George Orwell once remarked that, "If thought corrupts language, language can also corrupt thought." Time and again, while reading Jim Peron's essay, I was reminded of this quote. Mr. Peron's careless reading of the New Testament leads him to interpret it as an endorsement of socialism. In fact, had I not seen Mr. Peron's by-line in Reason and Liberty, I might have figured him for a contributor to The Nation. It this were the 1980s, I would have bet that the essay was ghostwritten by a liberal cleric who had just returned from Managua proclaiming, "I have seen the future and it works!" Mr. Peron states his case in such a way that I initially thought he was more interested in pandering to liberal Christians than in refuting the Bible.
Lest I be mistaken for resorting to the argumentum ad hominem, let us get on with an analysis of Mr.
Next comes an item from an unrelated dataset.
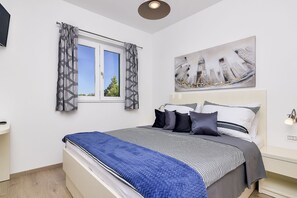 Una camera da letto moderna con un letto grande, una finestra con tende, un quadro e un comodino.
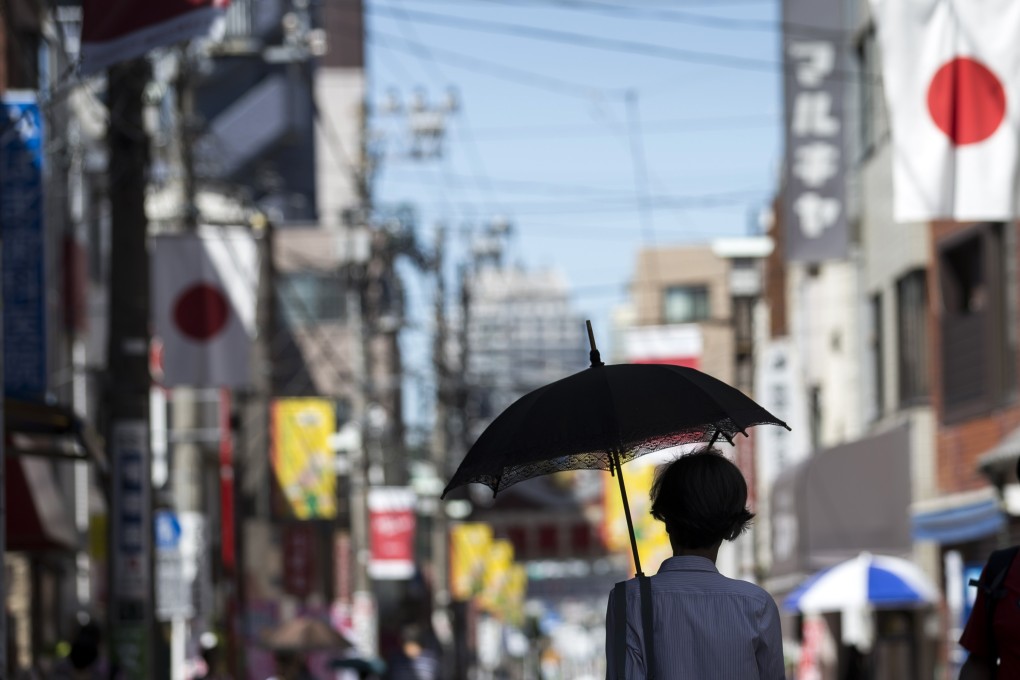 National flags in the Sugamo shopping district of Tokyo celebrate Respect for the Aged Day. Photo: Getty Images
Peron's essay. His depiction of Jesus-As-Socialist ignores two of the most famous passages in the Bible. The first of these is in the Sermon on the Mount, in which Jesus proclaims, "Do not think I have come to abolish the Law or the Prophets; I have not come to abolish them, but to fulfill them. I tell you the truth, until heaven and earth disappear, not the smallest letter, not the least stroke of a pen, will by any means disappear from the Law until everything is accomplished. Anyone who breaks one of the least of these commandments and teaches others to do the same will be called least in the kingdom of heaven, but whoever practices and teaches these commandments will be called great in the kingdom of heaven." (Matthew 5:17-19)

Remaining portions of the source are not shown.